Background

Calcinosis cutis is characterized by the deposition of calcium salts in the skin and underlying subcutaneous tissue. It is classified into five primary types: dystrophic, metastatic, iatrogenic, idiopathic, and calciphylaxis. The most common cause of calcinosis cutis is dystrophic calcification, which is associated with normal calcium and phosphorus levels in laboratory tests.

This type is often seen in conjunction with underlying diseases such as systemic sclerosis, dermatomyositis, mixed connective tissue disease, or lupus, which result in tissue damage and provide a site for calcification to occur. Metastatic calcification, conversely, is characterized by abnormal levels of calcium and phosphorus in the bloodstream.

Deposition of calcium salts takes place when the calcium phosphate product exceeds 70. Idiopathic calcification, which includes conditions like tumoral calcinosis, subepidermal calcified nodules, and scrotal calcinosis, occurs without any underlying tissue damage or abnormal laboratory values. Iatrogenic calcification is caused by administering medications or agents containing calcium or phosphate, leading to the precipitation of calcium salts.

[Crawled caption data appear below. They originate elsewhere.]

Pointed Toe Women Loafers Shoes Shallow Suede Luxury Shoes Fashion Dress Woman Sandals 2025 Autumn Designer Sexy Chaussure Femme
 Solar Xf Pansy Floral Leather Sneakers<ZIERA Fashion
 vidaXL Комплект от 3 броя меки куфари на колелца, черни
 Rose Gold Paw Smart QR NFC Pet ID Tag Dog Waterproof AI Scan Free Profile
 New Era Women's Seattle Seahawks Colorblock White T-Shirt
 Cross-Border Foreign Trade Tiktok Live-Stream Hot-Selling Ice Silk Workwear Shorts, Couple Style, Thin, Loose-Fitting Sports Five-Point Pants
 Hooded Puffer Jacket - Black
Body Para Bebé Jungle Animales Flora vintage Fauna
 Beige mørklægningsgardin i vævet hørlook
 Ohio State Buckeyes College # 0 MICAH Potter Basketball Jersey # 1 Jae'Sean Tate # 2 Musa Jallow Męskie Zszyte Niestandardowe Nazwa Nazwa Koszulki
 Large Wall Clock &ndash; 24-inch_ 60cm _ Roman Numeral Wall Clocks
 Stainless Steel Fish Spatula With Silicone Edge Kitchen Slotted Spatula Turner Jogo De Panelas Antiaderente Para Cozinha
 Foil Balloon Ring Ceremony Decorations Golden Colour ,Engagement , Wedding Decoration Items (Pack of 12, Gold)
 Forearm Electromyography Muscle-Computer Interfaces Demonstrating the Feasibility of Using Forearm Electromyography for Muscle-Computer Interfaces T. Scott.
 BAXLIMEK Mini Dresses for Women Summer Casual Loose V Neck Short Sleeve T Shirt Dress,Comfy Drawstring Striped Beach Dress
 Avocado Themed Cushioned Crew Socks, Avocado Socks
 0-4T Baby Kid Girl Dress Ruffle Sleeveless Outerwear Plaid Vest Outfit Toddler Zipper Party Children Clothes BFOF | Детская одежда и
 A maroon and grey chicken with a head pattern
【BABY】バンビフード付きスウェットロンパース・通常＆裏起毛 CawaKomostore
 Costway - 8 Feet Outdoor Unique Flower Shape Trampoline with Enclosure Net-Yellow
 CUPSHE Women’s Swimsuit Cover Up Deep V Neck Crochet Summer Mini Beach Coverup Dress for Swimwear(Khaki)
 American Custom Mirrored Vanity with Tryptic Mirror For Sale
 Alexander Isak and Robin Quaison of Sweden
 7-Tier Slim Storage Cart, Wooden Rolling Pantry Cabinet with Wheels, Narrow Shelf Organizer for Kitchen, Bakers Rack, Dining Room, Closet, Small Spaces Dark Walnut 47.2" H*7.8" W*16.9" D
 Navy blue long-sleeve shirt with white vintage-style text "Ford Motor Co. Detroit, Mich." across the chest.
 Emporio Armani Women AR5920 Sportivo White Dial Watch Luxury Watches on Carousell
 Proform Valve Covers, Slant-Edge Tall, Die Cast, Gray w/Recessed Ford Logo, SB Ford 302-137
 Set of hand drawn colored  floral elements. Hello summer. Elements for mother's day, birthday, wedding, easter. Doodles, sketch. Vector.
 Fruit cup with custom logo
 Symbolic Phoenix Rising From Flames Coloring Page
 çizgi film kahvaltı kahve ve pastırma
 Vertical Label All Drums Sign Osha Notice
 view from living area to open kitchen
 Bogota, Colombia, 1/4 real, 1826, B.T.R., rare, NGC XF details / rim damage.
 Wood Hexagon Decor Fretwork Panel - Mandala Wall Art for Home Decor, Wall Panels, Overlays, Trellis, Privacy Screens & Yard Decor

The fifth type of calciphylaxis involves calcifying small and medium-sized blood vessels. It is typically associated with chronic renal failure and the need for dialysis. When the calcification is limited to a specific extremity or joint, it is classified as calcinosis circumscripta. However, when there is widespread involvement of subcutaneous tissue, muscles, and tendons, it is referred to as calcinosis universalis.

Epidemiology

Calcinosis cutis frequently manifests in individuals with systemic sclerosis, particularly those with the limited form known as CREST syndrome. Studies indicate that approximately 25% to 40% of patients with limited systemic sclerosis develop calcinosis cutis within ten years of onset.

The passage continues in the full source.